Records provided: Begin

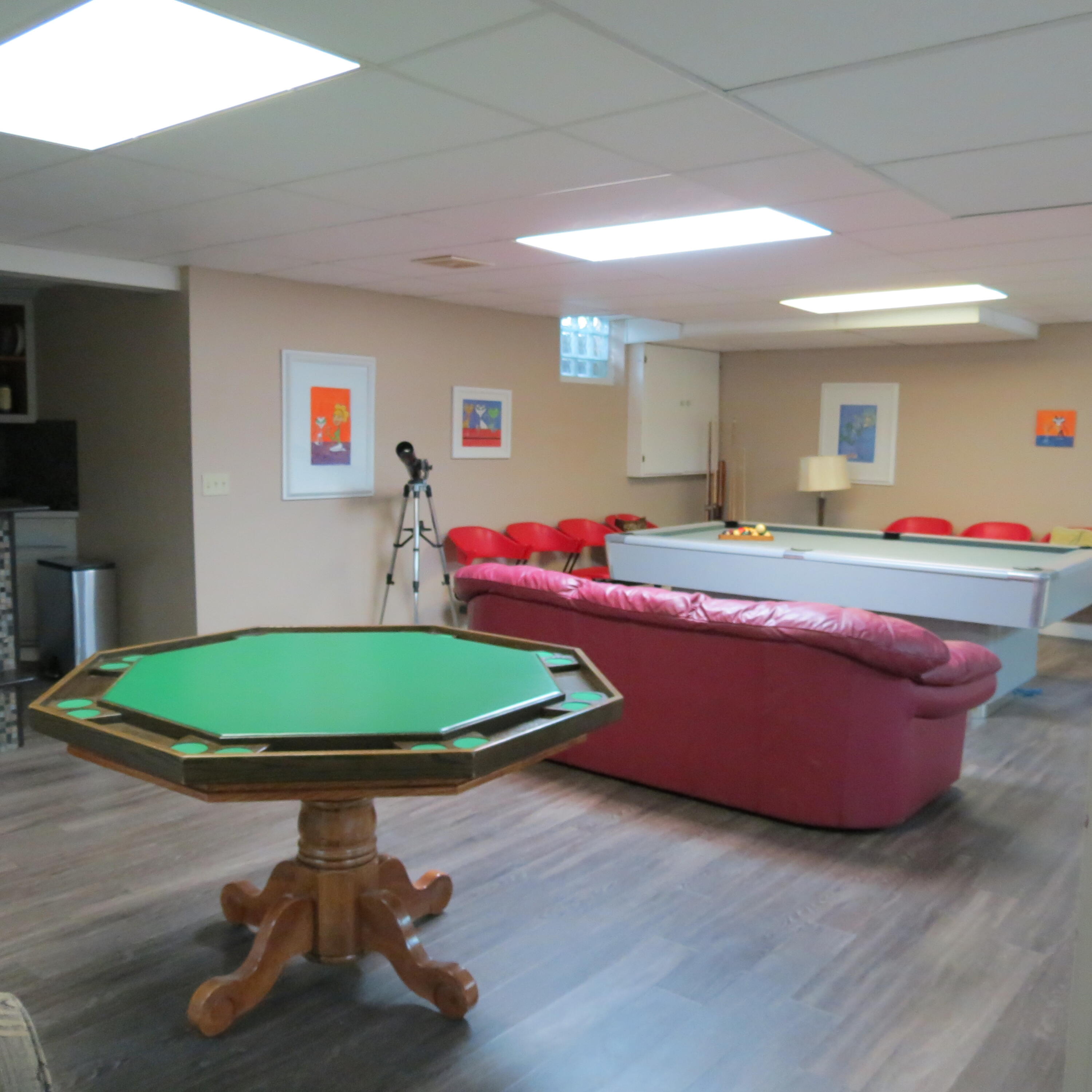 10900 Scott Road, Sidney, Ohio 45365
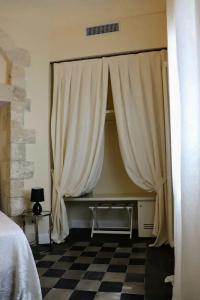 San Carlo Suites - 75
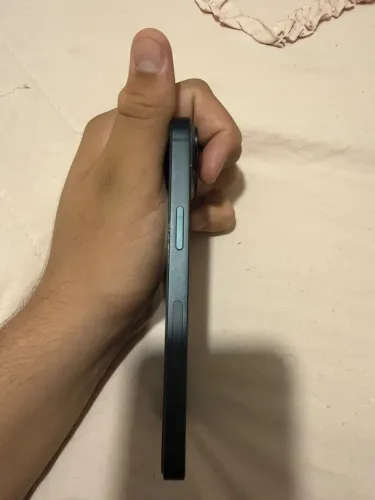 Iphone 14 preto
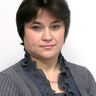 Назипова Гульназ Шамиловна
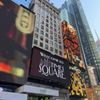 TKTS Times Square gift card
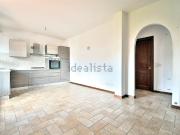 Appartamento in vendita di 57 m² in Via Paolo Borsellino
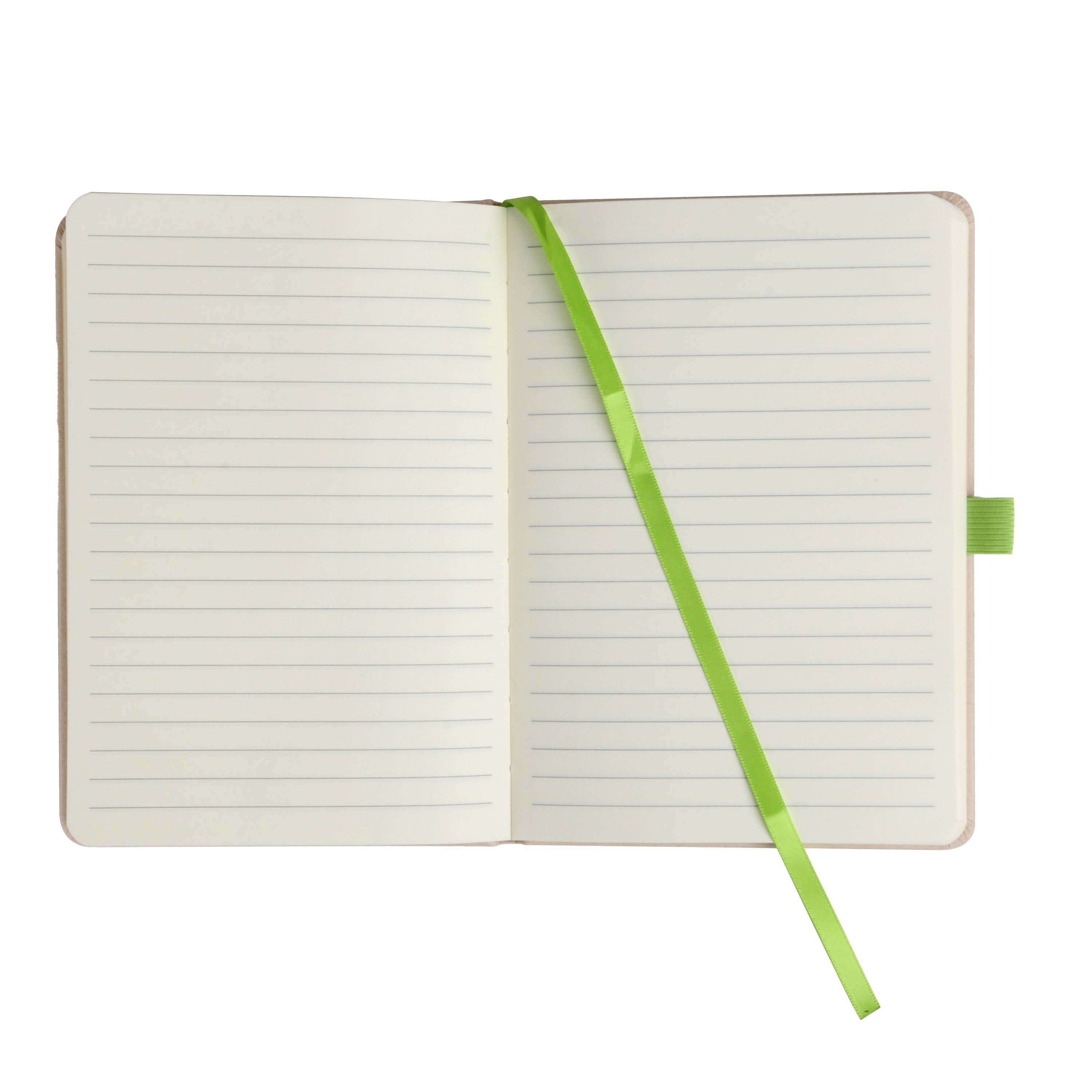 NBK106-LIME-OPEN.jpg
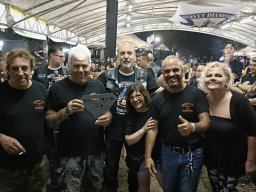 IMG20230819230852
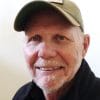 Jerry Carlson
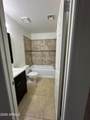 401 Seawynds Boulevard - Photo 8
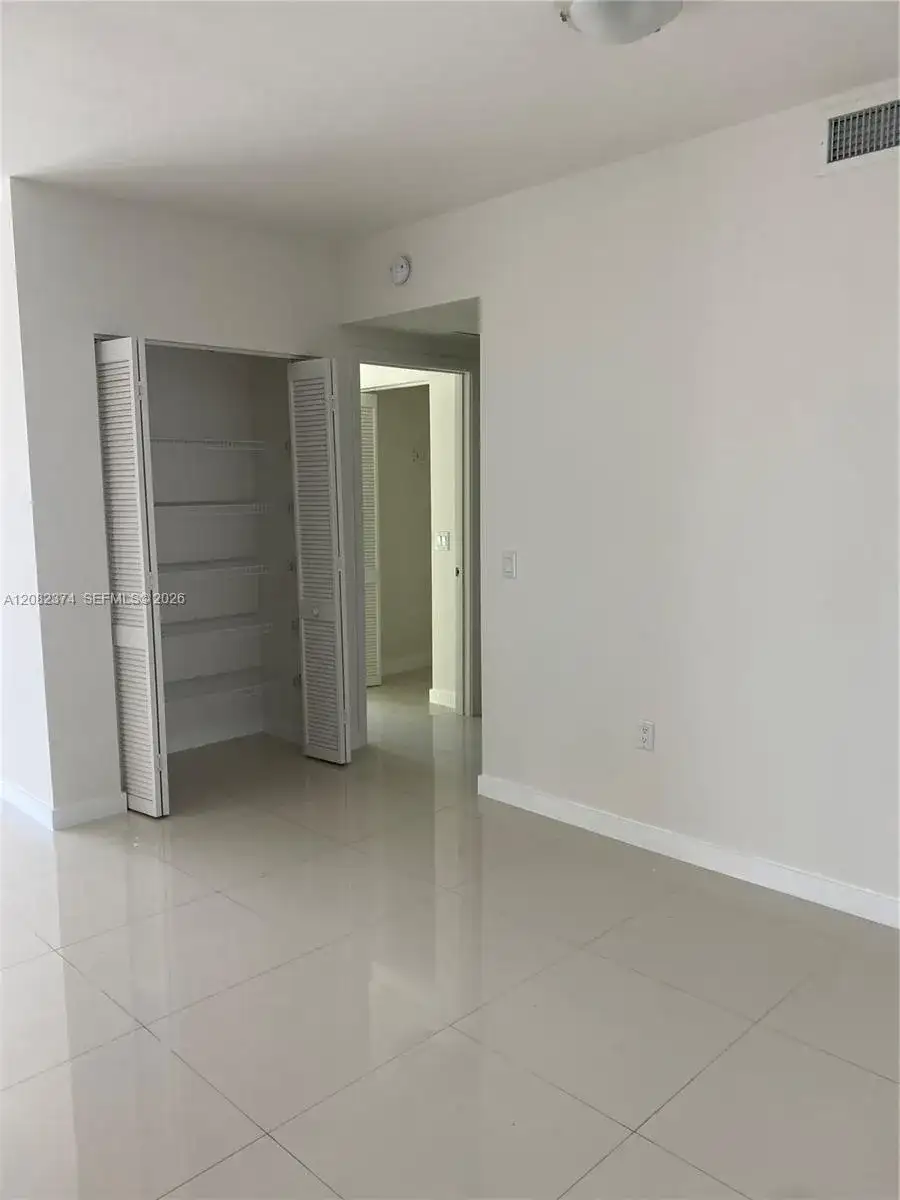 7875 NW 107th Ave # 613, Doral FL 33178 photo 5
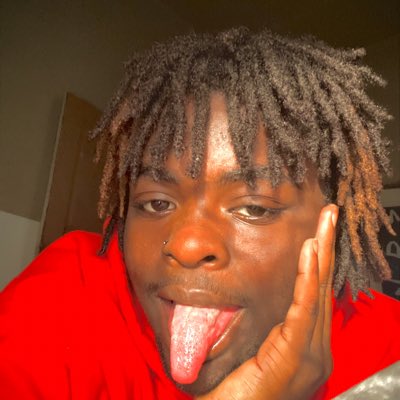 Da1Mikell's tweet photo. #NewProfilePic https://t.co/wFvkLebfkE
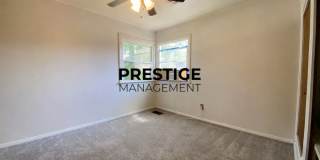 2 Bedroom In Hobart Gallery 5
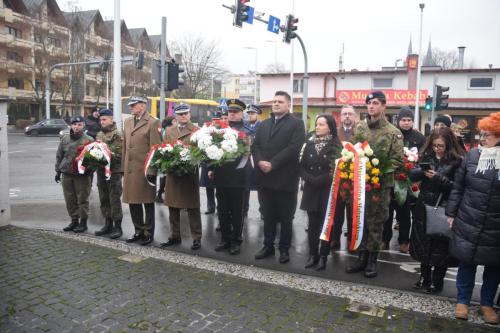 dsc-4211-copy Obchody Narodowego Dnia Pamięci Żołnierzy Armii Krajowej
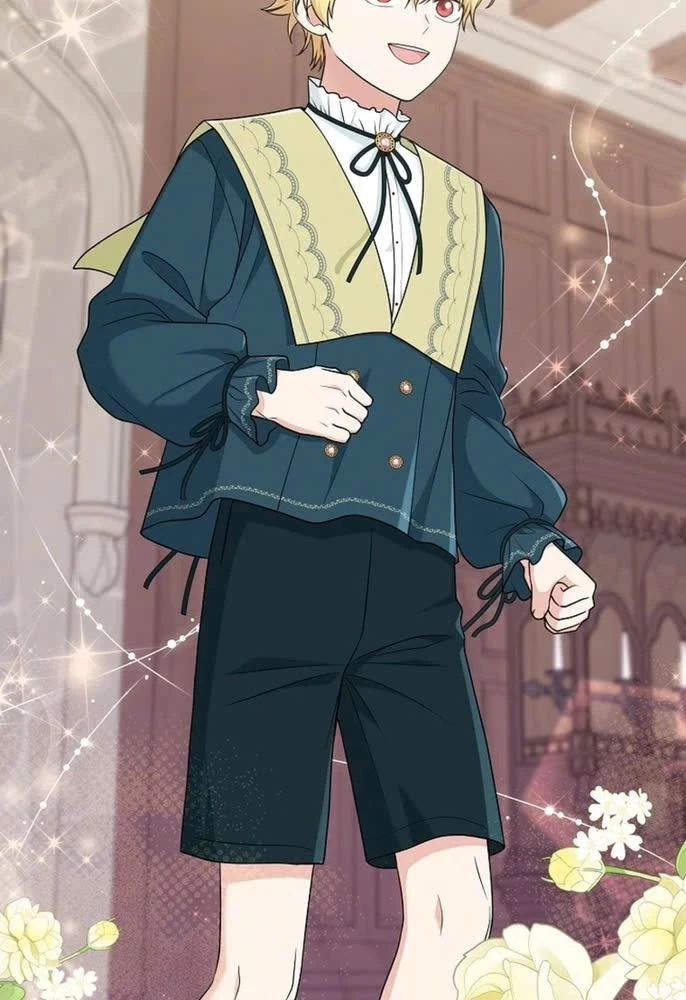 Tôi Đã Diễn Tròn Vai Một Đứa Con Gái Nuôi Chapter 62 - 6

Records provided: End

[What you have to do]:
Return all the records exactly, excluding images.

[Answer section]:
 10900 Scott Road, Sidney, Ohio 45365
 San Carlo Suites - 75
 Iphone 14 preto
 Назипова Гульназ Шамиловна
 TKTS Times Square gift card
 Appartamento in vendita di 57 m² in Via Paolo Borsellino
 NBK106-LIME-OPEN.jpg
 IMG20230819230852
 Jerry Carlson
 401 Seawynds Boulevard - Photo 8
 7875 NW 107th Ave # 613, Doral FL 33178 photo 5
 Da1Mikell's tweet photo. #NewProfilePic https://t.co/wFvkLebfkE
 2 Bedroom In Hobart Gallery 5
 dsc-4211-copy Obchody Narodowego Dnia Pamięci Żołnierzy Armii Krajowej
 Tôi Đã Diễn Tròn Vai Một Đứa Con Gái Nuôi Chapter 62 - 6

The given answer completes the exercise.